God Rules the World

The article to which Eric points us has me quite studious this morning. 

The only proper sense of “theocracy” is the simple recognition that God rules the world.

Of course,  the matter is not “simple” when one considers the radical re-ordering of the very questions that get asked when one begins here.  The wrestling with the powers like the state and  “the city” (Cavanaugh has a chapter in Radical Orthodoxy: A New Theology  called The City: Beyond Secular Parody,  which I went and checked out from Vandy’s Divinity Library,  to read alongside of Graham Ward’s Cities of God (Ward also is one of the editors of the Radical Orthodoxy book,  and his book is in the same “series” on Radical Orthodoxy)

Cavanaugh has quite a few rather juicy quotes.  A few:

On globalization:

There’s some truth to the uniting effect. The internet, for example, is a remarkable tool for getting in touch with people around the world. That’s a good thing. But the idea that we’re all one big happy family now is really absurd. People are being worked to death to make our toys in China and Thailand and other places. We are not one big happy family.

Graham Ward keeps promising in my early reading in Cities of God to talk about cyberspace……I’m looking forward to it……hopefully a big improvement on Quentin Schultze’s treatment in his book of 5 years ago (Habits of the High-Tech Heart),  which I just hated.

When we have debates about NAFTA, the question is always phrased: “Is this going to be good or bad for America?” We never get to the real question: “Which class of Americans is this going to be good or bad for?” The basic answer, of course, is that it’s good for capital and bad for labor.

The imagination:

You’ve made the argument that the Eucharist is an answer to globalization. What do you mean?

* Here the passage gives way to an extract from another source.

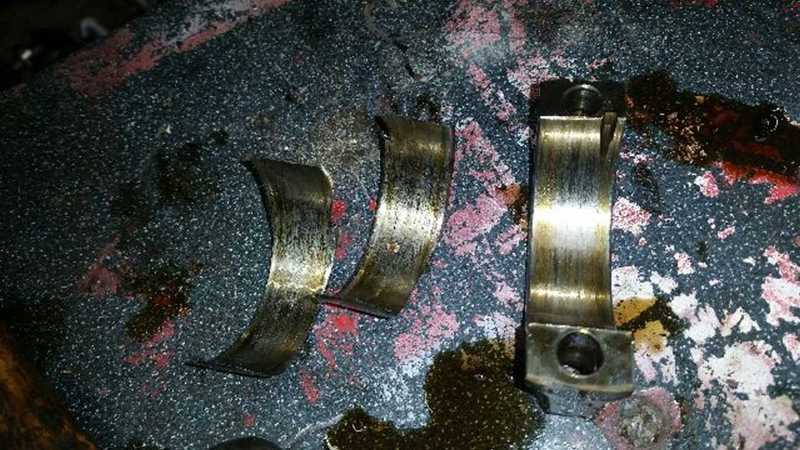 Name:  A2C15AC8-4A21-4361-AC40-5D69DAC0C41C_zpsjtkeo2kc.jpg
Views: 0
Size:  74.0 KB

I want to be cautious about saying the Eucharist is the answer to anything. It’s not magic. But it is central to a Christian way of seeing and acting. That’s what I’m talking about.

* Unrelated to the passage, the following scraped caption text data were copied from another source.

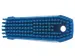 Nagelborstel Blauw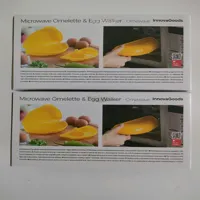 microwave-omelette-egg-maker-innovagoods-v0100990-bbv0100990.jpg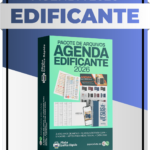 Pack Agenda Edificante 2026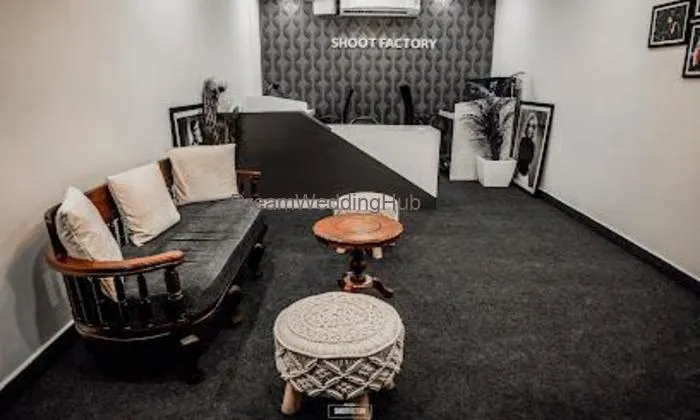 Shoot Factory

In the Eucharist the global is realized in the local. Each congregation that meets has the whole Body of Christ present. It’s a different way of talking about the relationship between the global and the local that doesn’t have the same implications as the total dominance of the global over the local.

Catholics are really starting to feel left out of the process. They just don’t find their values resonating with either party.

The other point is that the imagination of the Eucharist tends to resist the imagination of the detached consumer. This is because the Eucharist consumes us, it makes us part of the Body of Christ and takes us up into Christ. Since we know that we’re members of the one Body of Christ, we can resist this idea that we’re just detached individual consumers who survey the world and choose whatever we like. Now that we’re a member of the Body, as Saint Paul says, the pain of one of the members is our pain as well, the pain of all.

Here,  is where the “participation” in the Eucharist would seem to make some sort of impact, in this “body” sense,  that we simply cannot kill each other,  which is precisely what happens when Christians kill each other in the name of the nation-state.  (ala Hauerwas).  But ,  even wider than that,  the “body” reality is also indicative of the sort of life we live together (and should pose quite a challenge to the “independent”, “Individualistic” lives we live in separation from this body.  We simply don’t take the eschatology seriously; that there is the sense of a “in a mirror darkly” that the “ideal” of communion and discipleship is something that actually CAN be embodied,  but that it requires that we BE that body (which means find ways to start acting like it;  which will help us to cease acting and start assuming that this is the way it was meant and designed to be).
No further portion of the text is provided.